Gordon, founder and blogger extraordinaire of We Fly Spitfires, posted an article over the summer about Social Morals that I found incredibly interesting and apt. He said that “everything we do in a MMO revolves around the game world society and interacting with others” and that we are all “at the mercy of the social morals of others and every player helps enforce the expected code of conduct through peer pressure.” If we take his argument out of the game world he mentions and into, say, forum communities or the blogosphere, his words still apply. As both bloggers and readers of blogs, we are all at the mercy of those few people who decide to demolish the air of camaraderie we want to build. Lots of well-known and established bloggers enable comment moderation and/or no anonymous posts for just that reason. Some, such as Dragonchasers or Tobold, have taken extended breaks from their beloved online round-tables or changed commenting policies in order to effectively moderate the negativity internet anonymity can bring.

It hurts me that it takes such severe methods to rein in the idiocy that comes from the ease of being a jerk on teh intarwebz. I do my best to be a nice guy on other people’s blogs and actually contribute to the conversation.

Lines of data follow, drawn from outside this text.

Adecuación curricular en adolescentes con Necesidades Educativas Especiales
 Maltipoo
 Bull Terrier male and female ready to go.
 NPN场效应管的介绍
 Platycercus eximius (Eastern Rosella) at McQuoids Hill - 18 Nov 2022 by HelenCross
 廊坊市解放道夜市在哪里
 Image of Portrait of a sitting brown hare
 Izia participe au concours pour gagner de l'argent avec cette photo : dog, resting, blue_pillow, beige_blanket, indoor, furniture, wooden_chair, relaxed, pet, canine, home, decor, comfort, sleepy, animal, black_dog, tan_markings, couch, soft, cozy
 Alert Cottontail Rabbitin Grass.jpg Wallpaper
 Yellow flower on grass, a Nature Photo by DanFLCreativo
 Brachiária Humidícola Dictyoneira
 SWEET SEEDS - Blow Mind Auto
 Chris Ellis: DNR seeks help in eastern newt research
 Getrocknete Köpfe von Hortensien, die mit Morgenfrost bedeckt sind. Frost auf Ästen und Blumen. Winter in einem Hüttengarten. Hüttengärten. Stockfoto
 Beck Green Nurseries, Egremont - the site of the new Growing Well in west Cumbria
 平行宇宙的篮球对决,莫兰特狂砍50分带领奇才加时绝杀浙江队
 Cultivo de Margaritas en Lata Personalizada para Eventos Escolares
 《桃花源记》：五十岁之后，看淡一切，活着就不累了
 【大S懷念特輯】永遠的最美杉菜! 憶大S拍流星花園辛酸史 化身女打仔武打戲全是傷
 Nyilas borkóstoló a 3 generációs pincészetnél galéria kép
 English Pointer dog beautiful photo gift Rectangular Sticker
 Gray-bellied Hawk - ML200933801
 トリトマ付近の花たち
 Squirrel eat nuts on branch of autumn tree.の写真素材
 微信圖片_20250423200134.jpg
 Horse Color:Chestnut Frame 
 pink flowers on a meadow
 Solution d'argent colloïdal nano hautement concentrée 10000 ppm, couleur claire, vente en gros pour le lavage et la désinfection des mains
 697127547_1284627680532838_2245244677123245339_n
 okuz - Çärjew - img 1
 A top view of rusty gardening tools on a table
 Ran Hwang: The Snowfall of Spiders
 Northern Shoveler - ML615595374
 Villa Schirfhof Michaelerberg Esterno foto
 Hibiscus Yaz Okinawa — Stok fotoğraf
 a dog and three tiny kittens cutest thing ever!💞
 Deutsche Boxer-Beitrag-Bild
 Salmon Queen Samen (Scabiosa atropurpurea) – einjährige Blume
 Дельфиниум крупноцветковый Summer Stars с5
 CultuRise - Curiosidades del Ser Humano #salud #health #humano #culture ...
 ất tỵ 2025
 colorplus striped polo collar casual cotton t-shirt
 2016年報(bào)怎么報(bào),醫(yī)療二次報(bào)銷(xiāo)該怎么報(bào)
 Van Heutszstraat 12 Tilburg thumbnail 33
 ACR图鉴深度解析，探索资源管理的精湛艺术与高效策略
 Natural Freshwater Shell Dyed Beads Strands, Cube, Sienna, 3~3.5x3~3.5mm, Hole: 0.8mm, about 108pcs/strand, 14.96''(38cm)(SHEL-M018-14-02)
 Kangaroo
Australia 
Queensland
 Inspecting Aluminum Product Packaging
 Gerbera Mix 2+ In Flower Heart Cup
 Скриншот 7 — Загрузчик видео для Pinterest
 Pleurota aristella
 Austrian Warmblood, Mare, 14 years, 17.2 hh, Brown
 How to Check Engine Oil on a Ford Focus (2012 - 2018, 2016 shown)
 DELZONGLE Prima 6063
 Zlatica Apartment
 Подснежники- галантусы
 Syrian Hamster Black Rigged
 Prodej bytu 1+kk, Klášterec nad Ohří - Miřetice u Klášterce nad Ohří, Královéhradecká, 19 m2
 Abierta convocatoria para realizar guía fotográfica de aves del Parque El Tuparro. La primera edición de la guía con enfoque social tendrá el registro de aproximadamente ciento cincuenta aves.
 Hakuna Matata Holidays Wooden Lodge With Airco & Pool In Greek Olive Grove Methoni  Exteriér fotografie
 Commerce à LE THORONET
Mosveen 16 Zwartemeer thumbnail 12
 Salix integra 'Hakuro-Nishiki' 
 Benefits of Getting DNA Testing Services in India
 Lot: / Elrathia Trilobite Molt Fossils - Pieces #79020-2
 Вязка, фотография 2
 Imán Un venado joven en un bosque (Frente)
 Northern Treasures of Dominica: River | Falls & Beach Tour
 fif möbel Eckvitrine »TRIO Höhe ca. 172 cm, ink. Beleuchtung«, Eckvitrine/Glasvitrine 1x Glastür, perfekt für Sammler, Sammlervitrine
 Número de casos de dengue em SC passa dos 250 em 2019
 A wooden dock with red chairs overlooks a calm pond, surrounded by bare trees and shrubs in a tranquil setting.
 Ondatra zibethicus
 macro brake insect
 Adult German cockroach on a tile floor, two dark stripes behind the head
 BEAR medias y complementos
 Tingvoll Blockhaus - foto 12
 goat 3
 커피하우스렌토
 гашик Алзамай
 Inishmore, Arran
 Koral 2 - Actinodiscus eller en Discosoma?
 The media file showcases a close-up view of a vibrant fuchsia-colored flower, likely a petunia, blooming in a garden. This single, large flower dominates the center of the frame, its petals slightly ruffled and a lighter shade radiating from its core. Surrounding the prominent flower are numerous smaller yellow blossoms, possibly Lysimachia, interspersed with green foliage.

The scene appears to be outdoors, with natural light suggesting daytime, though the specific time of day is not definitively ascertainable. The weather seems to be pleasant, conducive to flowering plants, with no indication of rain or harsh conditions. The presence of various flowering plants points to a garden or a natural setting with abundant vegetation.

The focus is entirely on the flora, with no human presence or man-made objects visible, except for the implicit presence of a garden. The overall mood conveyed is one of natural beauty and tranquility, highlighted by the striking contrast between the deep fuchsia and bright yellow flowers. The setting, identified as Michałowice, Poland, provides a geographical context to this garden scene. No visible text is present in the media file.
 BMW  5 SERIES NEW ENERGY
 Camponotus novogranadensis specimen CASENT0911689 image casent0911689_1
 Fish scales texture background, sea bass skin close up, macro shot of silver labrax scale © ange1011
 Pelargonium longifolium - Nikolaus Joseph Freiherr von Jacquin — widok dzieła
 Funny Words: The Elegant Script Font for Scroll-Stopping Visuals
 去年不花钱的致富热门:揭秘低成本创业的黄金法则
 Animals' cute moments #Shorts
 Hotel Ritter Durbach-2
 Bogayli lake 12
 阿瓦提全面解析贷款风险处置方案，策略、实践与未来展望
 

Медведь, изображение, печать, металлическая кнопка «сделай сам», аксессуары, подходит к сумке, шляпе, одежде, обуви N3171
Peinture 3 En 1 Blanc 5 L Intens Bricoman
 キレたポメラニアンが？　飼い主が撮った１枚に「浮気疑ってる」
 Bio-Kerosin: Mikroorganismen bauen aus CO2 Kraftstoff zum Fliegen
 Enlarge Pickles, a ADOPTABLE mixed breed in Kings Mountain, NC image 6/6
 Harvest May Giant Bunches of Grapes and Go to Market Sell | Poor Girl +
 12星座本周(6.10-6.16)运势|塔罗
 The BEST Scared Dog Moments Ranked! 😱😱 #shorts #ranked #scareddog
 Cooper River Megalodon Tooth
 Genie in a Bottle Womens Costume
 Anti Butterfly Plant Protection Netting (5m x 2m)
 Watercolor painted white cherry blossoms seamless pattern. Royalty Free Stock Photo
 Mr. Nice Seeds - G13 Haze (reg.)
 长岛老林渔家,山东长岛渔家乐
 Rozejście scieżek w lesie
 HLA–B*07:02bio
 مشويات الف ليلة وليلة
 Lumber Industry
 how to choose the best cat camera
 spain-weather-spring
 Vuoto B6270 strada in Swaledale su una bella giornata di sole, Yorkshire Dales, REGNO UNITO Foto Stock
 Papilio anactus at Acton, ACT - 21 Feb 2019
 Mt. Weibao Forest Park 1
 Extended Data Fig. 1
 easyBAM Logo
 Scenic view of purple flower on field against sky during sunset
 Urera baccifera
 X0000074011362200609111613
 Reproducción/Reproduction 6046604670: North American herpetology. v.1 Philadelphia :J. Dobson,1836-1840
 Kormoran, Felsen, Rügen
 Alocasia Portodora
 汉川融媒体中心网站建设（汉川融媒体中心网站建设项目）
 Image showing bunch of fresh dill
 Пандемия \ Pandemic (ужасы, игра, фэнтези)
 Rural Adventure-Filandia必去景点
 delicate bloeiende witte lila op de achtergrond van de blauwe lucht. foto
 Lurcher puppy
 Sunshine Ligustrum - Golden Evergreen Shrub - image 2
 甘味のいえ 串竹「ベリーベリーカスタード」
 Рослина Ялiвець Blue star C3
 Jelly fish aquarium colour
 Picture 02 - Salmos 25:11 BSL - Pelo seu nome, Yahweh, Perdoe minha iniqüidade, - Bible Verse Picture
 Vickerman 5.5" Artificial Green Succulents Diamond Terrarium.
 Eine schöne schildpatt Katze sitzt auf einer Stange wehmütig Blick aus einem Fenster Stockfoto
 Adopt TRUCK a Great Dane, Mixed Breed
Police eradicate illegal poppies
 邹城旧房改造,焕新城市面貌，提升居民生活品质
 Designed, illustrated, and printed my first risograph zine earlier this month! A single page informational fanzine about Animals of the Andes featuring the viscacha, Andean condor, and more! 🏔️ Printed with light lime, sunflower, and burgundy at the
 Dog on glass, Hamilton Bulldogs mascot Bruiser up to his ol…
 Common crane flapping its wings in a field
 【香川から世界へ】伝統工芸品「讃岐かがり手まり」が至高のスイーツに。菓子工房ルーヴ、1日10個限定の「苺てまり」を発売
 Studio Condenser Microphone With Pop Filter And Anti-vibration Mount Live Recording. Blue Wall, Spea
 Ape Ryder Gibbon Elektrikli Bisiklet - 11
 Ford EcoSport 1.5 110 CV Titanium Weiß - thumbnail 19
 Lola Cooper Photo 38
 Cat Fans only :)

Even if I were writing under a much more anonymous pseudonym than what I do, I’d want to act that way because of the whole “treat others as you’d want to be treated” thing my parents beat into me as a kid (note that my verb use here is hyperbolic).

So what is it about being an unbridled jerkface that makes people act that way? Is it that there are no repercussions, really, that impact a person’s offline life? Is it the wonder of being able to unshackle oneself from the courteous social morays of the everyday? Or is it just that some people are doo-doo heads and have nothing better to do that crap on other people’s proverbial birthday cakes?

By B.J. Keeton

B.J. KEETON is a writer, teacher, and runner. When he isn't trying to think of a way to trick Fox into putting Firefly back on the air, he is either writing science fiction, watching an obscene amount of genre television, or looking for new ways to integrate fitness into his geektastic lifestyle. He is also the author of BIRTHRIGHT and co-author of NIMBUS. Both books are available for Amazon Kindle.

2 comments

  1. I wasn't too pleased with GameRiot's community, but most of the people who posted comments on my blog there came along with me from when I had WAAAGH! hosted on WordPress, so I don't think I had the experience you did.

    And I still never know what it is I do anyway. I think I'm just here for the coffee and donuts. But you're right, it's our blogs, and if we want it to stay civil, then we're within our rights to make it so. I personally don't have a problem with comment moderation, because I think most people trust me to wield it properly. I've only deleted maybe 1 out of every 500 comments because someone was being excessively mean or jerkish, especially toward other posters.

  2. I think you could answer your own question, Beej. Why do you play as a griefer? Is it something you'd do in a real life game of Croquet or something like that? I suspect that the anonymity brings out the worst behaviors because there typically isn't much in the way of consequences for bad behavior. Some people are just plain jerks anywhere, but anonymity can tip the scales of people who might not otherwise be a problem.